SaveState

pip install savestate

Documentation: https://mrthearman.github.io/savestate/

Source Code: https://github.com/MrThearMan/savestate/

Contributing: https://github.com/MrThearMan/savestate/blob/main/CONTRIBUTING.md

SaveState is a cross-platform fast file storage for arbitrary python objects. It's similar to python's builtin shelve module, but aims to be more performant on Windows while being cross-platform compatible.

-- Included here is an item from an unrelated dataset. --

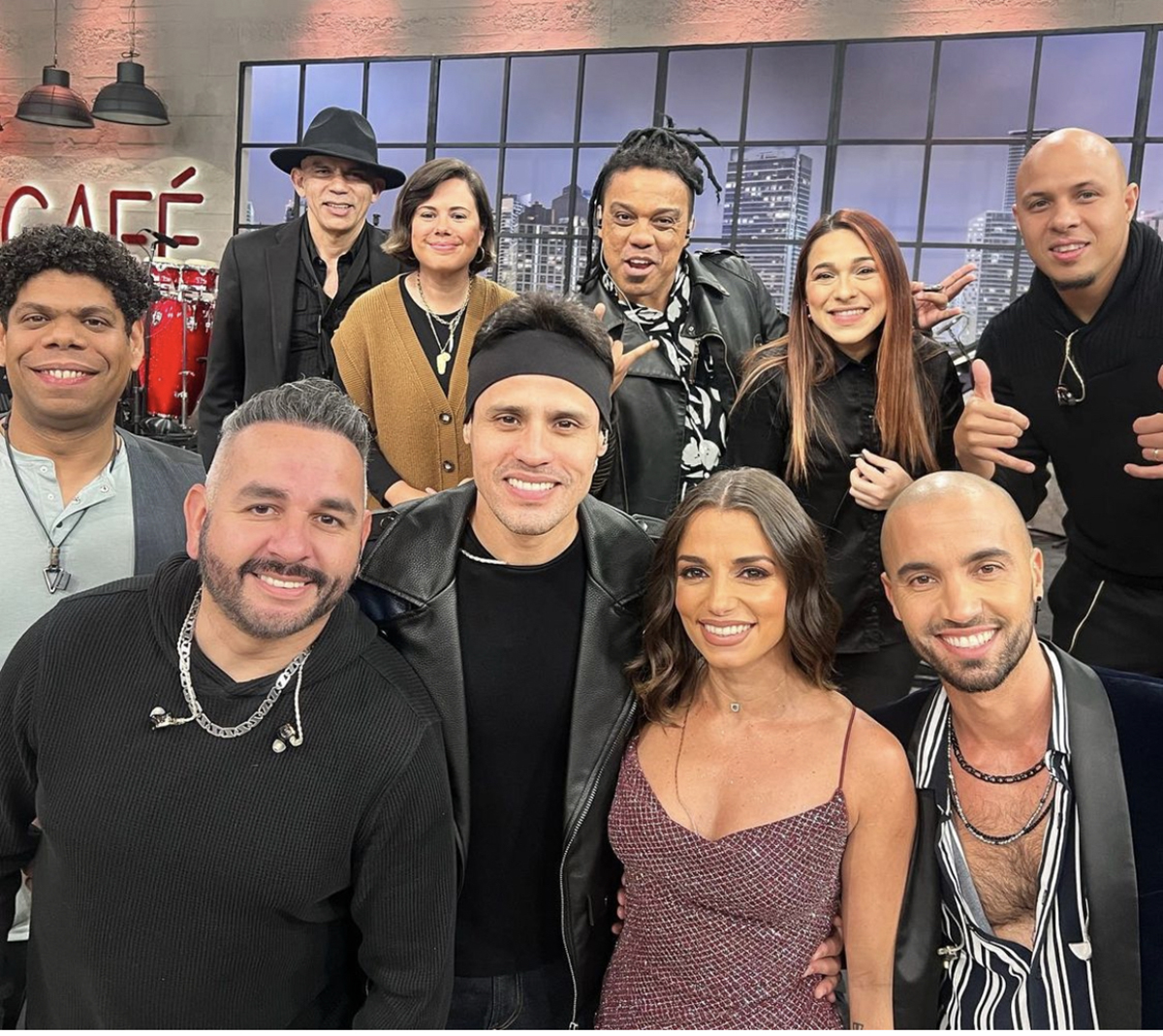 La banda de los Cupidos junto Yai Suárez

Savestate is inspired by semidbm2, with a more modern interface. mapping-like functions, a context manager, and support for arbitrary python objects.

Implementation details

Pure python
No requirements or dependencies
A dict-like interface (no unions)
Same, single file on Windows and Linux (unlike shelve)
Key and value integrity can be evaluated with a checksum, which will detect data corruption on key access.
Recovery from missing bytes at the end of the file, or small amounts of corrupted data in the middle
Both values AND keys put in savestate must support pickling. Note the security implications of this!
This means that you can use arbitrary objects as keys if they support pickle (unlike shelve)
All the keys of the savestate are kept in memory, which limits the savestate size (not a problem for most applications)
NOT Thread safe, so cannot be accessed by multiple processes
File is append-only, so the more non-read operations you do, the more the file size is going to balloon
However, you can compact the savestate, usually on savestate.close(), which will replace the savestate with a new file with only the current non-deleted data. This will impact performance a little, but not by much

Performance

About 50-60% of the performance of shelve with gdbm (linux), but >5000% compared to shelve with dumbdbm (windows) (>20000% for deletes!)
Performance is more favorable with large keys and values when compared to gdbm, but gdbm is still faster on subsequent reads/writes thanks to its caching
A dbm-mode for about double the speed of regular mode, but only string-type keys and values
This is about 25-30% of the performance of gdbm on its own.
Note: Values will be returned in bytes form!

Source code includes a benchmark that you can run to get more accurate performance on your specific machine.